## WHAT TO PRODUCE
A complete response lists each line of the data below that includes the word "forms".

## DATA SHOWN
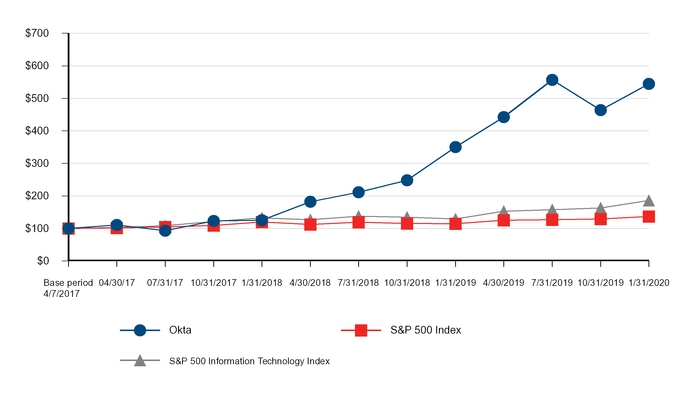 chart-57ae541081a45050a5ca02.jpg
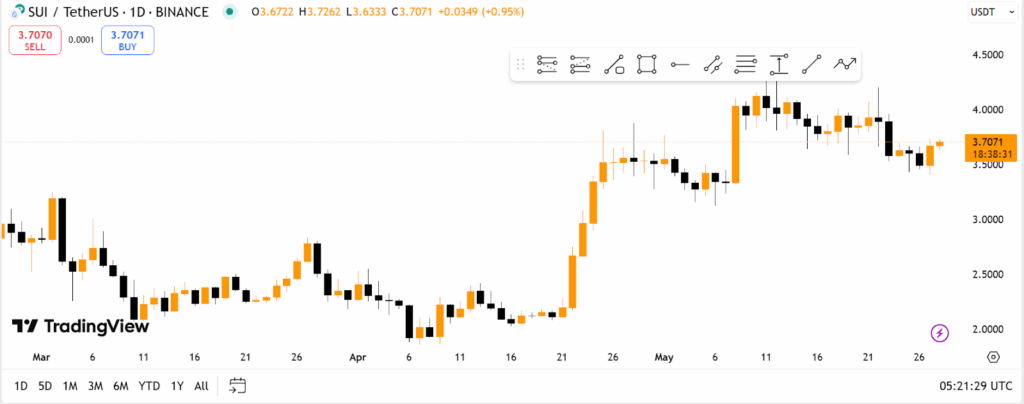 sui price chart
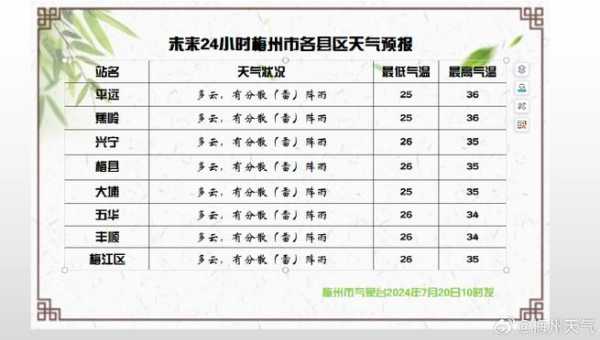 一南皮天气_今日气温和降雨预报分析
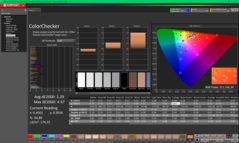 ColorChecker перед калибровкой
...
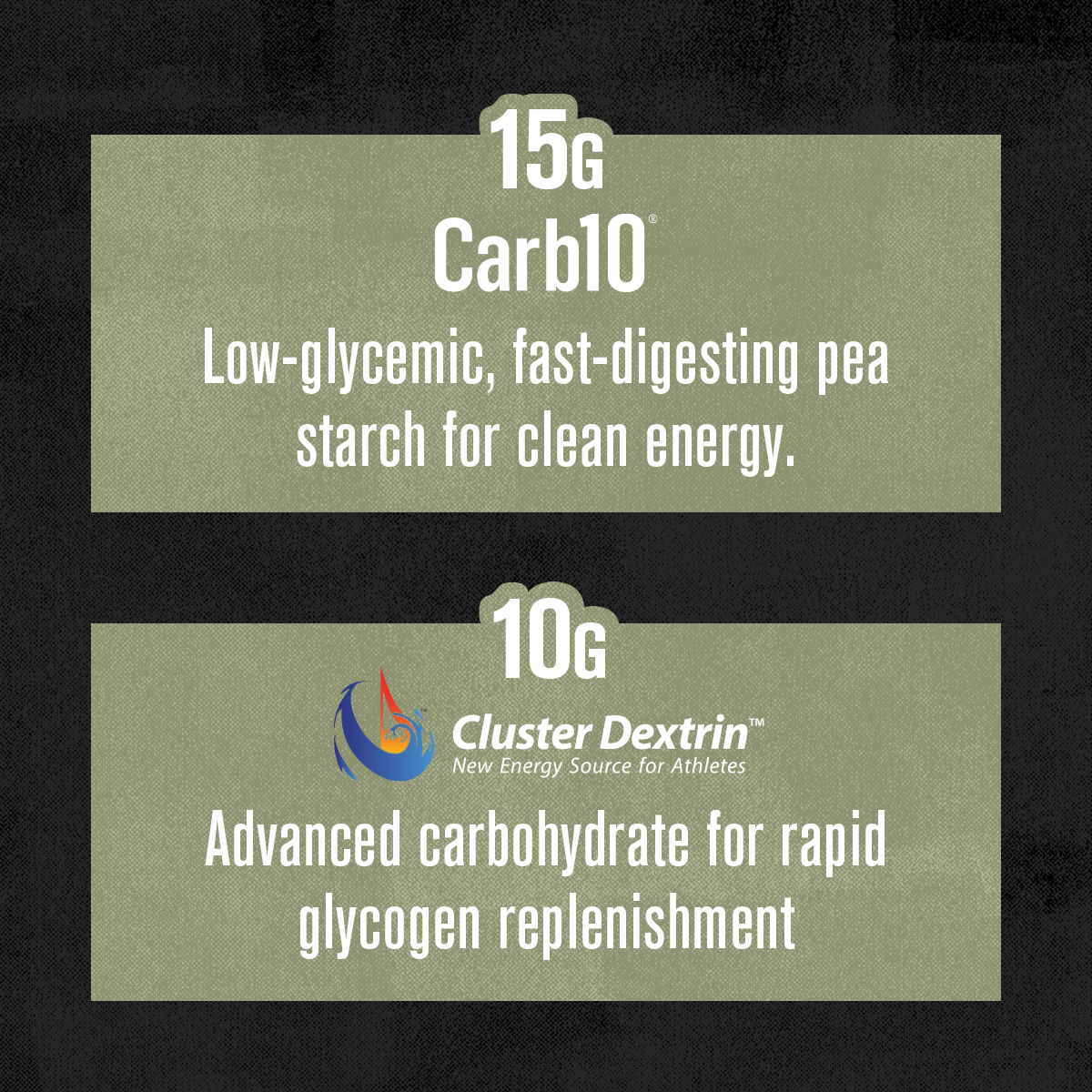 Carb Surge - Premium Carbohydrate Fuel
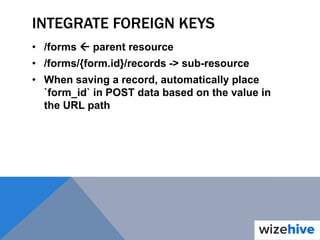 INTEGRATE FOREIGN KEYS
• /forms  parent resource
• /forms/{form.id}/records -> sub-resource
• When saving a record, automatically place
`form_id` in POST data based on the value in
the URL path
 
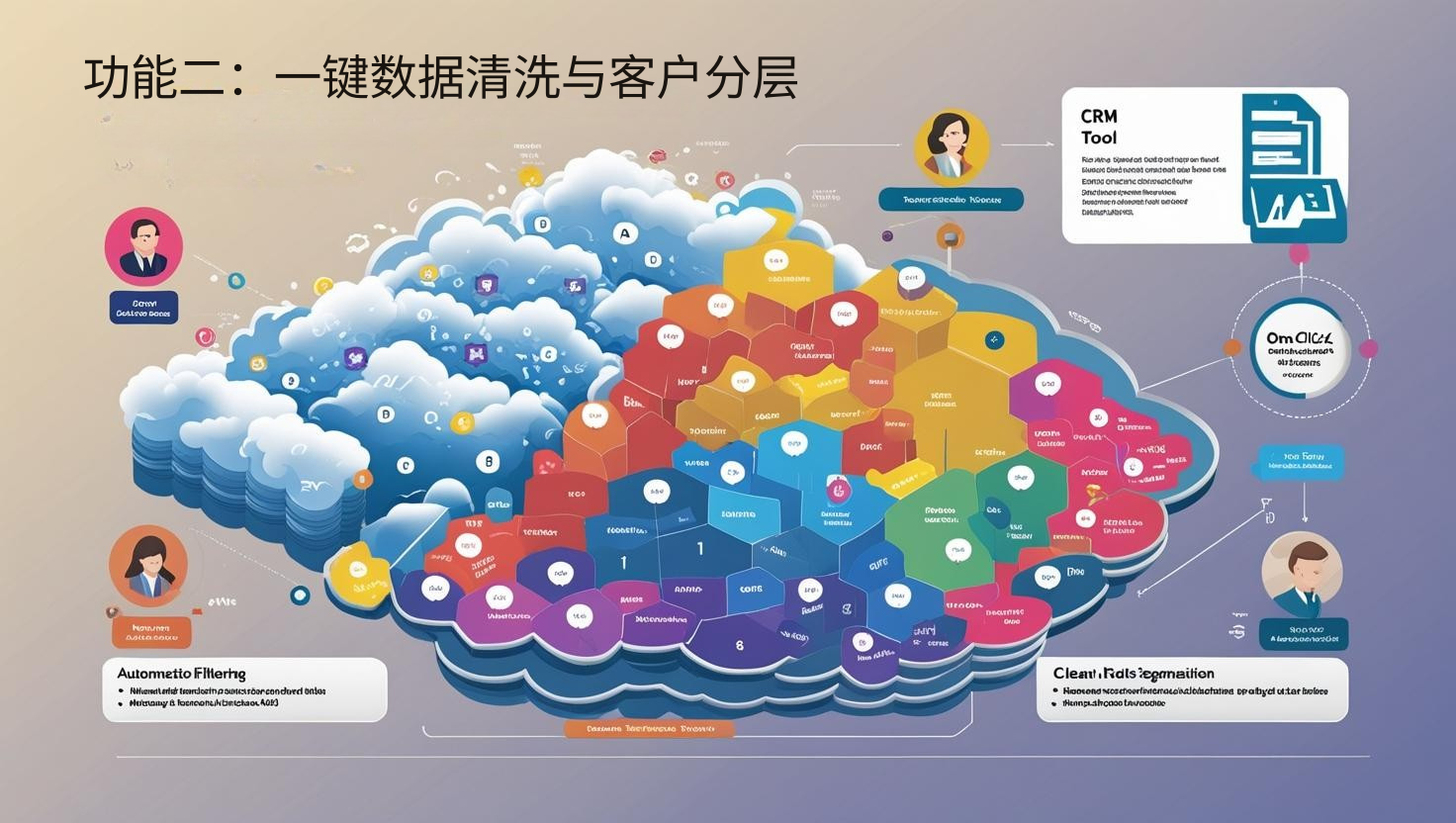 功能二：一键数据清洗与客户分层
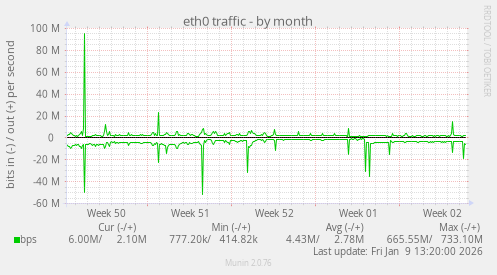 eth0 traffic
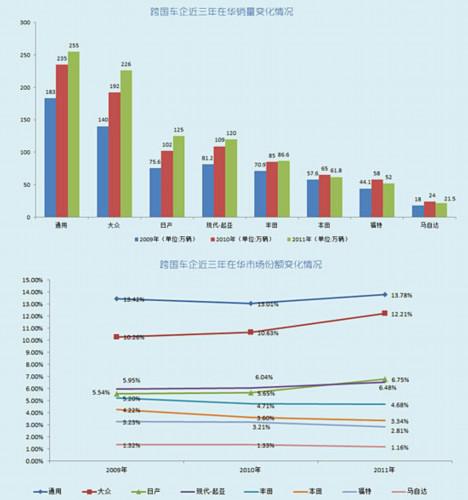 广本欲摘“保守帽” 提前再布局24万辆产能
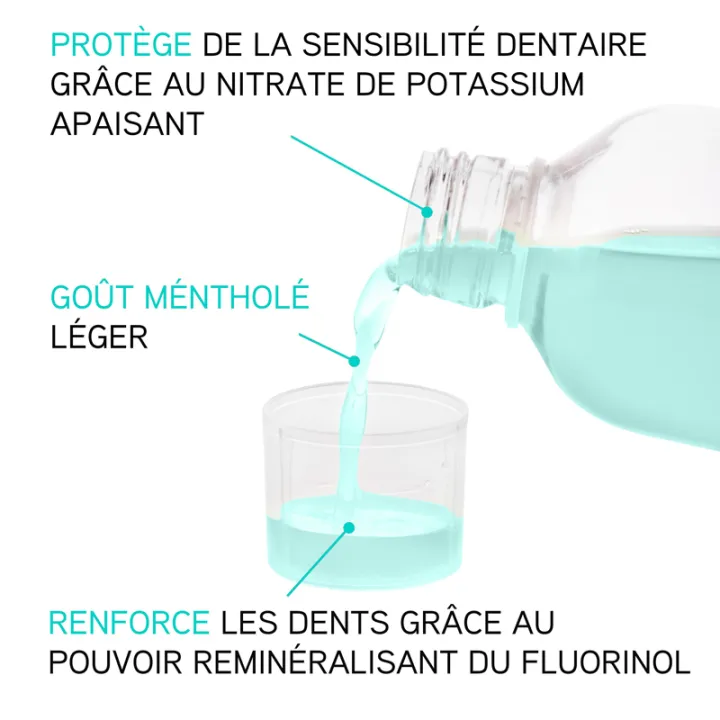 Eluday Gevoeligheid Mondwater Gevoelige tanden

## TASK RESPONSE
• /forms  parent resource
• /forms/{form.id}/records -> sub-resource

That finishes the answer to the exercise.